[Data excerpts]

□ □ □

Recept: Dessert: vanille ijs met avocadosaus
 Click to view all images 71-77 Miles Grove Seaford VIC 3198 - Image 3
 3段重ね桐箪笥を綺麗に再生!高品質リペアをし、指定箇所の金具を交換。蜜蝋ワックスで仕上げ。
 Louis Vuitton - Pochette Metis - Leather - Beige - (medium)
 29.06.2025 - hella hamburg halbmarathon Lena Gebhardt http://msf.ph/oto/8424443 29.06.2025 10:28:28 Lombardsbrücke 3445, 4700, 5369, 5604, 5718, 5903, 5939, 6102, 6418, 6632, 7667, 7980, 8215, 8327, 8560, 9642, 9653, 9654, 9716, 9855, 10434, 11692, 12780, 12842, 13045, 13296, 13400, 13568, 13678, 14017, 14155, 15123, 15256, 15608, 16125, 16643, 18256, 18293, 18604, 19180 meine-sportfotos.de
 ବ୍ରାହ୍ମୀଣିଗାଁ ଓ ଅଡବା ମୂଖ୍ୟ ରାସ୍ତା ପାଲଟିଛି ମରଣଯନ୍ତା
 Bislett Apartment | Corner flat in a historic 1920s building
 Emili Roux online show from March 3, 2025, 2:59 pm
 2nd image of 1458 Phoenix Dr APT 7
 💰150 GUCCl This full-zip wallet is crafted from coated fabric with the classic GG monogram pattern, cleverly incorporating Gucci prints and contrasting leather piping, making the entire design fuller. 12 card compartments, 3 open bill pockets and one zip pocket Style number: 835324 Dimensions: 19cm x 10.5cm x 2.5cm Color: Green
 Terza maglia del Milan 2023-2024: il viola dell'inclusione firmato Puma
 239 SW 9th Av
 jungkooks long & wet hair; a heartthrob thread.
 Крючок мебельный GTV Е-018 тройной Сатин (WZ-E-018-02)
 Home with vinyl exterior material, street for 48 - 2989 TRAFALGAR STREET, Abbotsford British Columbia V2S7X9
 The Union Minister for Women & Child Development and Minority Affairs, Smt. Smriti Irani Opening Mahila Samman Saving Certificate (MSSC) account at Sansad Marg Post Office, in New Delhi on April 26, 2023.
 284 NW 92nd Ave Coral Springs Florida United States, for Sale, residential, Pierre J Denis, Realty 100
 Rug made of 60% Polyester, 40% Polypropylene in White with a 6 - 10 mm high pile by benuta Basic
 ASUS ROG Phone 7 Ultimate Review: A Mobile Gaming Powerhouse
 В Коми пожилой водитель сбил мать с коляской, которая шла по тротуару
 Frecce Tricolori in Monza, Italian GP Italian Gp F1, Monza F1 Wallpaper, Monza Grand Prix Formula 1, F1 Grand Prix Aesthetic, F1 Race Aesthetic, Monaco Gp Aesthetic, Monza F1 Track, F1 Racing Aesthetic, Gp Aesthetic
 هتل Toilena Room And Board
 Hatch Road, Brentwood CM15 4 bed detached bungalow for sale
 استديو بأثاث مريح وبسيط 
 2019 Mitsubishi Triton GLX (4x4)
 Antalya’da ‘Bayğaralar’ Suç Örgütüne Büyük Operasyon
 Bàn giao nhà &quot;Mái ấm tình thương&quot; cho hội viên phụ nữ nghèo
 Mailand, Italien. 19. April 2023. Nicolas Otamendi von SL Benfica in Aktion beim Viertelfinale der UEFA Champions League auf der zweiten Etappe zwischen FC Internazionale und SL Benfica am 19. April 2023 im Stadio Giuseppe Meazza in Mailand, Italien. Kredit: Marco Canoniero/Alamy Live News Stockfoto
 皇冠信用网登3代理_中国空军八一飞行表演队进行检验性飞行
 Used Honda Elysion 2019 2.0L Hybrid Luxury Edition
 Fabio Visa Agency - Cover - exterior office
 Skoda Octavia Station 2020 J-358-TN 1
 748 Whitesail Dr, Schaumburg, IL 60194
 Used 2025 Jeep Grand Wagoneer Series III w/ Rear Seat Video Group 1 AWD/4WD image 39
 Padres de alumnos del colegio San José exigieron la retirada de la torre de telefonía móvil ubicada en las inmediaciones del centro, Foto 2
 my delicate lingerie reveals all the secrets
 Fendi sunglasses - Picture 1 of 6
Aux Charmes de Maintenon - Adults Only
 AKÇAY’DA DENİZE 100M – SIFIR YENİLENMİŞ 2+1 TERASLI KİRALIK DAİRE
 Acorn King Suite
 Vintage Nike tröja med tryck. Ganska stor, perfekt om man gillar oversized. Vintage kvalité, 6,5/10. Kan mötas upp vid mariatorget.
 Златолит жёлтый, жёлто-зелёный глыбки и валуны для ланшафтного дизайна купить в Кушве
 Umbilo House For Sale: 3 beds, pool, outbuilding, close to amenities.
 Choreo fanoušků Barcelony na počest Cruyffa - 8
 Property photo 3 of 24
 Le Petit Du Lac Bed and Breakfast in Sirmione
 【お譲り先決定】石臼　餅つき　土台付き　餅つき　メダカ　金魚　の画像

□ □ □

**Task statement:** Where does "from" appear in the records above? Copy every line that has it.

**Solution for this problem:**
 Emili Roux online show from March 3, 2025, 2:59 pm
 💰150 GUCCl This full-zip wallet is crafted from coated fabric with the classic GG monogram pattern, cleverly incorporating Gucci prints and contrasting leather piping, making the entire design fuller. 12 card compartments, 3 open bill pockets and one zip pocket Style number: 835324 Dimensions: 19cm x 10.5cm x 2.5cm Color: Green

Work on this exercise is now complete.